About an hour later at 1:22 p.m., the city of Atlanta released a tweet on their account @CityofAtlanta containing a graphic reporting that the Department of Watershed Management (DWM) was investigating a 36 inch water main break on Tech’s campus. The main break, which was located at the intersection of Ferst Drive NW and Hemphill Avenue NW is a likely cause for the widespread water outages around Atlanta.
In a press release from the DWM it was stated that the water main break on Tech’s west campus “… interrupted service at the Hemphill Electric Pumping Station. The Hemphill service area may experience low or no water pressure.”
Katie Carlson, a third-year CM major currently residing in Home Park, a student-populated neighborhood just north of Tech’s campus, noticed an issue with the water pressure earlier today.
“I went to turn on the water in my kitchen and noticed the water pressure was a lot lower than normal. Even with the knob all the way up, it was coming out at about 50%,” said Carlson.
After checking the water tank in her house and finding nothing wrong, Carlson turned to a community GroupMe chat to see if others were having the same issues.
“A short while later the bathroom sink also had low water pressure, and at this point the pressure was at about 25% and I was concerned so I reached out to my Home Park friends,” said Carlson.
Carlson and friends then walked from Home Park to the site of the main break to see what was going on.
“We walked there from Tenth Street, and Hemphill was closed off and police officers were directing traffic and talking to one another … the water wasn’t gushing when we got there, in fact there was a little mini whirlpool in the middle, so it looked like they were trying to drain it,” said Carlson.

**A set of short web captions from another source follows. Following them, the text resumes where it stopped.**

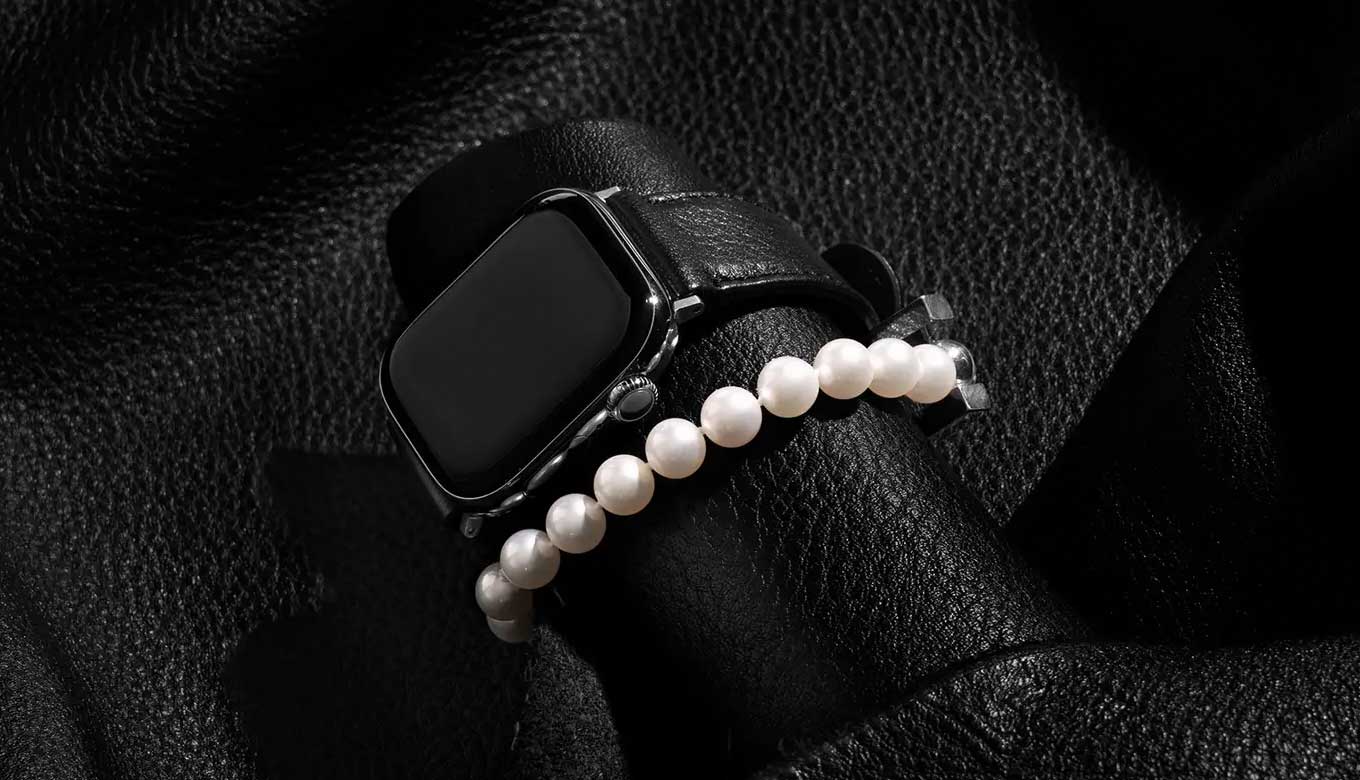 パール×レザーでApple Watchを装う──objcts.ioが新作バンドを限定 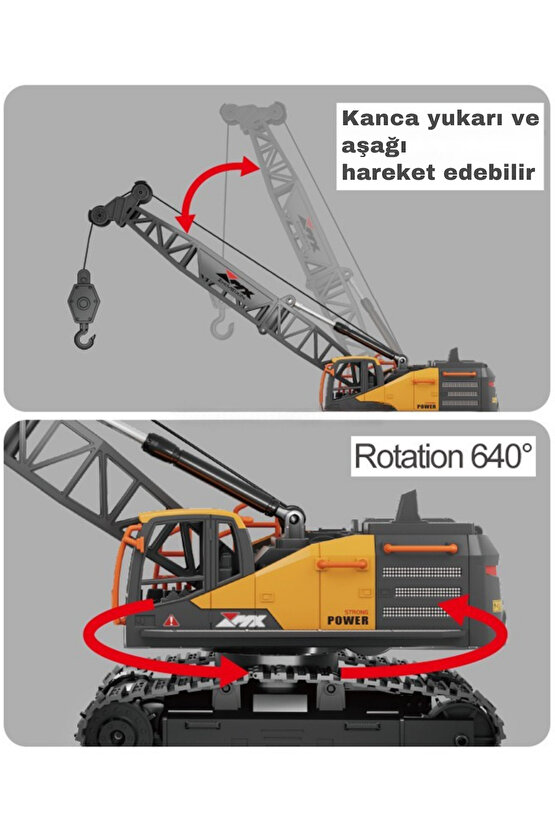 Oyuncak 40 Mhz Uzaktan Kumandalı Işıklı İş Makinası RC Ekskavatör Vinç Paletli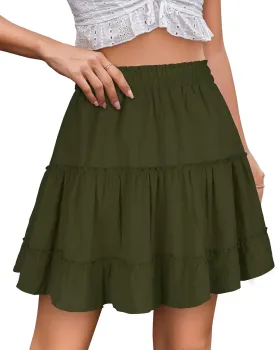 Summer Skirts for Women 2025 Vacation Cotton Ruffle Elastic Waist A-Line Casual Short Skirt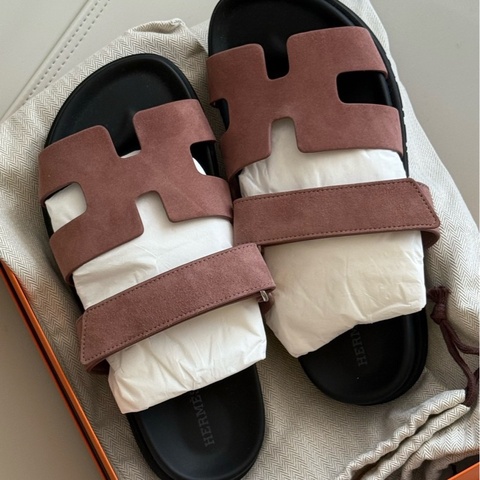 全新愛馬仕Hermes Chypre二舅拖 麂皮乾燥玫瑰粉 37號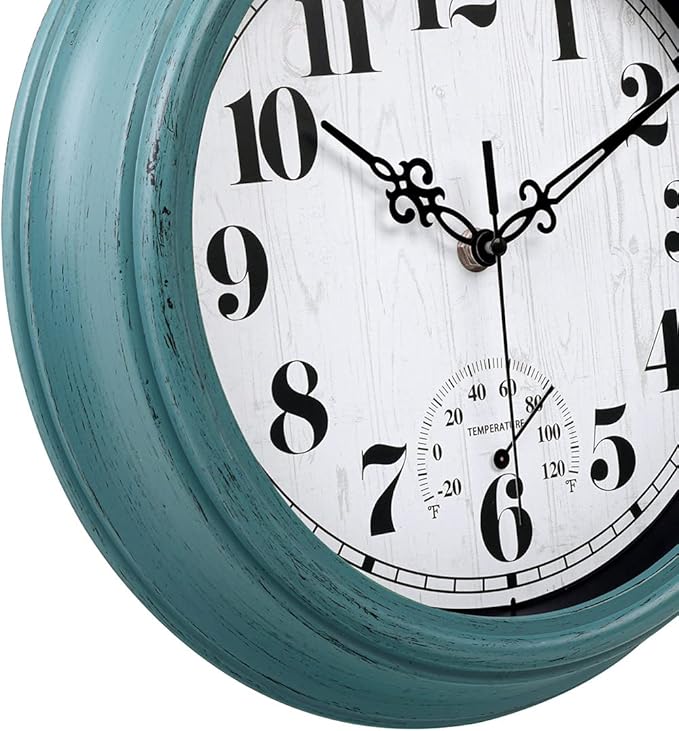 zyzamay 12 Inch Indoor Outdoor Clocks,Waterproof Wall Clock with Thermometer,Easy to Read,Non-Ticking Battery Operated Quality Quartz Clock, Decorative for Patio,Porch,Pool,Bathroom,Deck(Green)
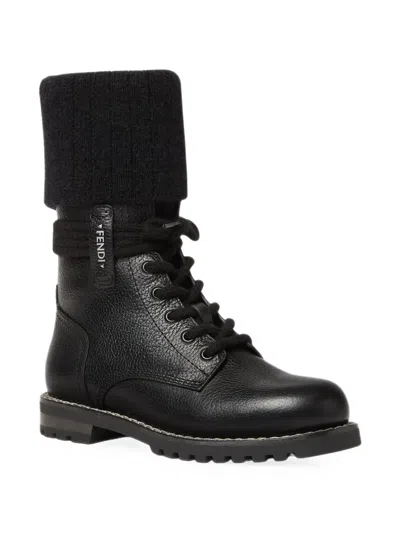 Fendi Commando Mohair-cuff Leather Boots In Multi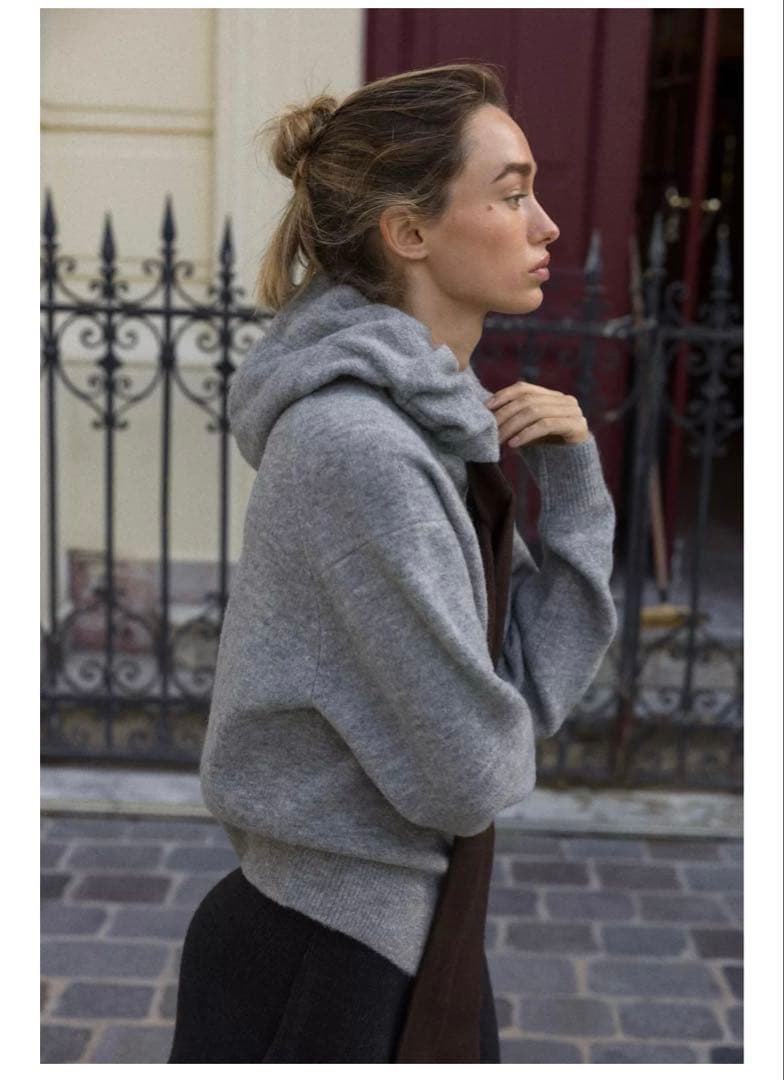 完売品⭐︎ZARA コントラストドローストリングフーディ M ミディアム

There hasn’t been an official assessment of the damage the water may have caused to parts of Tech’s campus, but the water from the break seemed to have significantly spread to areas around the scene.
“The water flooded all the way to the Burger Bowl bleachers,” said Carlson. “The water also definitely spread into the construction area where the old police department was.”
Much of the city, including Tech’s campus and the areas surrounding, including off-campus student apartments, are currently on a boil water advisory. A GTENS alert was sent out to the Tech community a few minutes after 4:30 p.m., alerting students of the water main break and advisory.
The GTENS alert advised those who have experienced water issues to either boil their water or rely on bottled water for drinking and brushing their teeth until the advisory is over. At 5 p.m. the Midtown Publix, one of the closest grocery stores to campus, confirmed that they were running low on bottled water, leaving affected students who received the alert late in search of water to use indefinitely until the DWM is cleared to lift the advisory.